Petani boleh berpolitik, lanjutnya agar ada alokasi anggaran yang besar bagi pertanian. “Masak sekarang alokasi pertanian melalui Kementerian Pertanian hanya 1,6 triliun,” jelasnya.

Dia menganggap anggaran sebesar itu terlalu kecil mengingat Indonesia merupakan negara agraris. “Rp1,6 triliun itu kan kurang dari 1,5 persen padahal negara kita adalah negara agraris. Harusnya anggaran pertanian itu 10 persen kalau bisa 20 persen anggaran pertanian seperti anggaran pendidikan,” imbuhnya.

Gerindra: Kinerja Menteri Cuma Pencitraan

Dewan Pimpinan Pusat (DPP) Partai Gerindra mendukung rencana Presiden SBY bila ingin melakukan perombakan kabinet (reshuffle). Reshuffle dianggap kebijakan presiden yang patut dilakukan untuk memulihkan kepercayaan publik terhadap pemerintah.

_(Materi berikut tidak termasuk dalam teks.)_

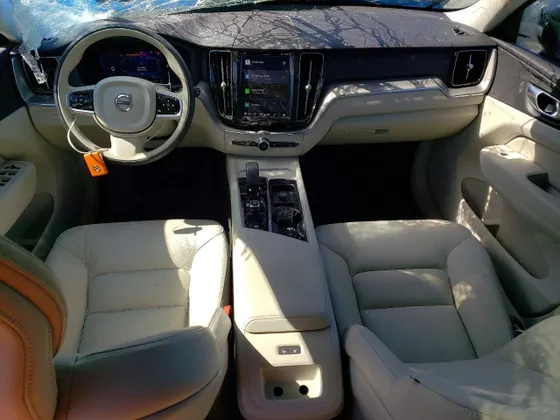 2025 Volvo XC60 Plug-In Hybrid Core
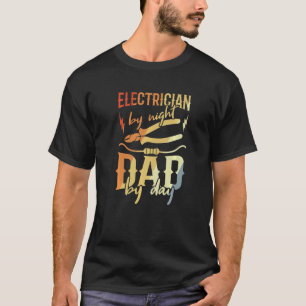 Mens Electrician Father Electronics Technician Pap T-Shirt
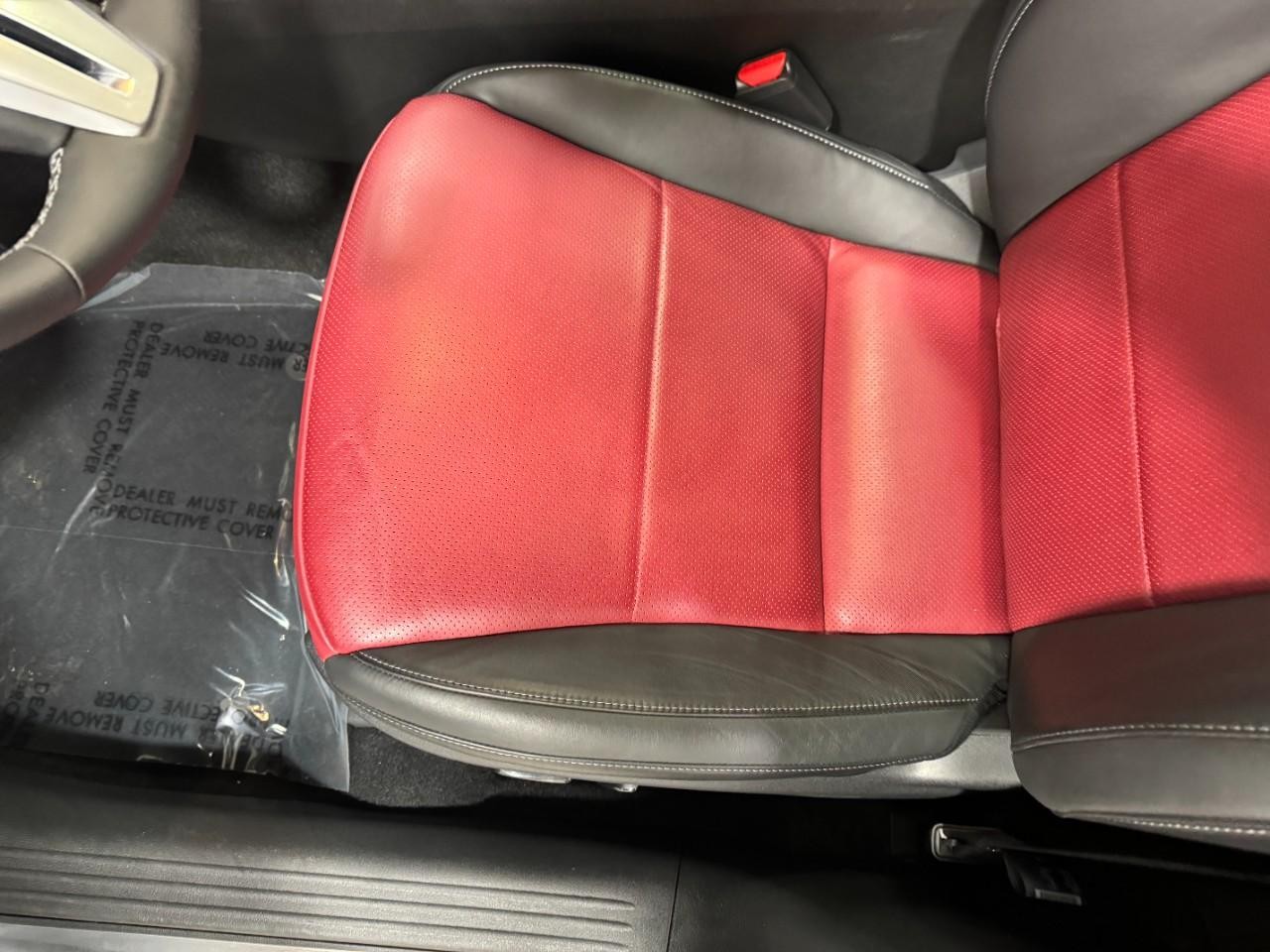 INFINITI QX55 Vehicle Full-screen Gallery Image 26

“Untuk meningkatkan kepercayaan publik, pemerintah harus lakukan reshuffle. Jangan kemudian didasari jatah partai. Yang masuk dikabinet haruslah orang-orang yang mumpuni,” kata Wakil Ketua Umum DPP Partai Gerindra, Fadli Zon di DPR, Senin (11/01/2011).

Fadli menilai, saat ini hampir semua menteri belum ada yang bekerja, berbuat untuk rakyat. Yang ada, kata Fadli, hanya kinerja untuk pencitraan saja.

“Berbuat tidak untuk rakyat, tidak terlalu banyak yang terasa, lebih nanyak pencitraan.Hanya laporan tertulis, angka-angka. Tidak diraskan rakyat. Pencitraan seolah-oleh itu kebenaran,” sindir Fadli.

Bila reshuffle dilakukan, Fadli kemudian menyarankan kepada Presiden SBY untuk meniru mantan Presiden Soeharto yang tak perlu melakukan fit and propertest kepada para calon mentrinya ketika itu. Dan reshuffle, katanya lagi, didasari karena kemampuan seseorang, bukan atas intervensi partai politik.

Dalam kesempatan itu, orang dekat Prabowo Subianto ini juga mengkritik keberadaan Setgab koalisi pemerintah. Meski keberadaan Setgab itu sah, namun fungsinya seakan mengebiri lembaga DPR, khususnya para anggota fraksi pendukung pemerintah.

“Setgab sah-sah saja, dianggap sebagai bagian untuk konsolidasi. Namun, Setgab seperti pisau bermata dua. Kalau jelek, kemudian dilakukan transkaksi. Setgab juga seakan mengkerdilkan fungsi DPR,” tegasnya.

Yang terjadi di DPR, kata Fadli lagi, seakan mengedepankan budaya politik yang  jauh dari harapan demokrasi. Ia kemudian mencontohkan soal mekanisme votting yang seharsnya  tidak boleh tertutup.

“Harusnya kepada orang (voting) terbuka. Dan cara-cara lobi setengah kamar seharusnya juga dihindari,” ujarnya.